A 2024 study in Methylorubrum extorquens PA1 examined glycine betaine (GB) metabolism and explicitly notes that GB metabolism generates formaldehyde, an intermediate of methylotrophic metabolism, motivating investigation in this genus. The same work emphasizes that GB degradation produces formaldehyde and glycine, which “may be used simultaneously by facultative methylotrophs,” connecting glycine production/consumption to methylotrophic physiology. (hying2024glycinebetainemetabolism pages 1-3)

Importantly, this paper states that “Methylorubrum extorquens AM1 can utilize GB as a sole source of carbon and energy; however, the pathway responsible has not been identified.” This provides direct organism-specific evidence that AM1 has metabolic capacity to route GB-derived carbon/energy, potentially involving glycine/serine/C1 intersections, but it does not experimentally implicate gcvP (C5AUG0) directly. (hying2024glycinebetainemetabolism pages 1-3)

3.3 Conserved pathway inference for AM1 gcvP

Given the conserved chemistry (Sections 1–2) and the ecological/physiological relevance of glycine and folate-linked C1 metabolism in Methylorubrum environments (e.g., plant-associated habitats generating methylated compounds and formaldehyde), the most evidence-supported functional placement for AM1 gcvP (C5AUG0) is as the P-protein of the cytosolic glycine cleavage system, supplying CO2 + NH3 + 5,10-CH2-THF from glycine and participating in glycine/serine/C1 unit balancing.
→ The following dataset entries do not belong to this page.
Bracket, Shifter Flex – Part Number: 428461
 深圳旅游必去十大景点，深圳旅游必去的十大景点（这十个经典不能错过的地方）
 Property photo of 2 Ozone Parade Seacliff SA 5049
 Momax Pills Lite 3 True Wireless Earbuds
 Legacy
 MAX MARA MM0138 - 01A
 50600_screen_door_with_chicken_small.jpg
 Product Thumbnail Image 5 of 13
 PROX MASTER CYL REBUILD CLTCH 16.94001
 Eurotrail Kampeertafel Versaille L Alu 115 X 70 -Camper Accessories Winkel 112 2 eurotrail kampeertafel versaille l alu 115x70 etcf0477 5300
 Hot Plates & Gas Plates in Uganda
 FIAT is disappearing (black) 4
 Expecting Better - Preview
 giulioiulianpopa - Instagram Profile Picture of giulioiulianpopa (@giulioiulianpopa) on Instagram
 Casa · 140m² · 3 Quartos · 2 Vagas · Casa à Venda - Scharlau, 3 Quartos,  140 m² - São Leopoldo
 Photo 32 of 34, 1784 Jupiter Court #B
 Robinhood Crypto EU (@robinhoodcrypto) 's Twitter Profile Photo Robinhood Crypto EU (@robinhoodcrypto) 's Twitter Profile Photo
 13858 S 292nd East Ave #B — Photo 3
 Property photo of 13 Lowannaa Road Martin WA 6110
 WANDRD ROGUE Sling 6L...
This is an inference grounded in conserved GCS mechanism rather than AM1-specific knockout/flux evidence in the retrieved corpus. (xu2021standalonelipoylatedhprotein pages 1-5, hying2024glycinebetainemetabolism pages 1-3)

4. Cellular localization

The mechanistic GCS literature explicitly contrasts eukaryotic mitochondrial localization with bacterial cytosolic localization, describing GCS activity “in the cytosol of many bacteria”. Therefore, the most supported localization for M. extorquens AM1 GcvP is cytosolic (bacterial cytosol), operating as part of a multi-protein enzyme system rather than a membrane protein or secreted factor. However, no AM1-specific localization experiment (e.g., fractionation, microscopy tags) was retrieved in this evidence set. (xu2021standalonelipoylatedhprotein pages 1-5)

5. Recent developments (prioritizing 2023–2024) and real-world implementations

5.1 2023: Re-engineered GCS enables conversion of methanol + air-captured CO2 to glycine/serine/pyruvate

A 2023 Nature Communications study presented an ATP and NAD(P)H-free chemoenzymatic system (ICE-CAP) that uses a re-engineered glycine cleavage system (rGCS) as a core module for C1/C1 coupling (methanol-derived formaldehyde + CO2 equivalents) to produce amino acids and pyruvate. The authors explicitly define rGCS as the reversible GCS comprising T (aminomethyltransferase), P (glycine decarboxylase), L (dihydrolipoamide dehydrogenase), and H (aminomethyl carrier). (liu2023turnaircapturedco2 pages 1-2)

Key quantitative results (from air-captured CO2 experiments):

  • From methanol + air-captured CO2 (as bicarbonate): 13.2 mM glycine (1.0 g/L) in 5 h; reported yields 66% based on methanol and 26% based on CO2. (liu2023turnaircapturedco2 pages 7-8, liu2023turnaircapturedco2 media b8b87b3a)

  • With additional extension modules, final concentrations reached 7.5 mM serine (0.8 g/L) in 8 h and 6.9 mM pyruvate (0.6 g/L) in 5 h, with reported yields for serine 30% (methanol) and 15% (CO2). (liu2023turnaircapturedco2 pages 7-8, liu2023turnaircapturedco2 media b8b87b3a)

  • In a related integrated capture/use step described in the same work, 17.1 mM (1.3 g/L) glycine was achieved in 5.5 h with yield 86% based on formaldehyde and 34% based on CO2. (liu2023turnaircapturedco2 pages 7-8)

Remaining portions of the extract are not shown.